DocketNumber: 951246-CA
Citation Numbers: 1999 UT App 45, 975 P.2d 476, 1999 UT App 045, 363 Utah Adv. Rep. 5, 1999 Utah App. LEXIS 15, 1999 WL 77522
Judges: Greenwood, Bench, Davis
Filed Date: 2/19/1999
Status: Precedential
Modified Date: 11/13/2024
(concurring):
¶ 14 I agree with the analysis of defendant’s double jeopardy claim. I write separately to register my concerns about whether we should even be discussing the issue.
¶ 15 Defendant never suggested to the trial court that double jeopardy barred sentencing on his second plea because he had already completed his first sentence. He urged only that section 76-3^05 of the Utah Code prohibits a harsher second sentence. Defendant therefore did not preserve in the trial court the double jeopardy issue he now raises.

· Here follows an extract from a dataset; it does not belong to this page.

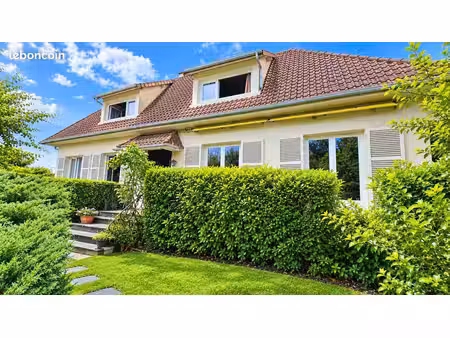 maison 6 pièces 180 m²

¶ 16 On appeal to this court, in State v. Maguire, 924 P.2d 904 (Utah Ct.App.1996), rev’d, 957 P.2d 598 (Utah 1998), defendant briefly mentioned double jeopardy but failed to cite any relevant authority or provide any analysis of the issue. We could therefore properly decline to address it. See, e.g., State v. Wareham, 772 P.2d 960, 966 (Utah 1989) (declining to address issue when “brief wholly lacks legal analysis and authority to support” argument); Selvage v. J.J. Johnson & Assocs., 910 P.2d 1252, 1264 (Utah Ct.App.1996) (declining to address issue where party “cites no authority” or “any further analysis” in support of argument); State v. Price, 827 P.2d 247, 249 & n. 5 (Utah Ct.App.1992) (refusing to consider argument unsupported by legal analysis or authority); State v. Reiners, 803 P.2d 1300, 1301 n. 2 (Utah Ct.App.1990) (declining to address issue where “argument contains no citations to authorities and only vague reasoning”); see also Utah R.App. P. 24(a)(9) (requiring argument on appeal to contain “the contentions and reasons of the appellant with respect to the issues presented, including the grounds for reviewing any issue not preserved in the trial court, with citations to the authorities, statutes and parts of the record relied on”).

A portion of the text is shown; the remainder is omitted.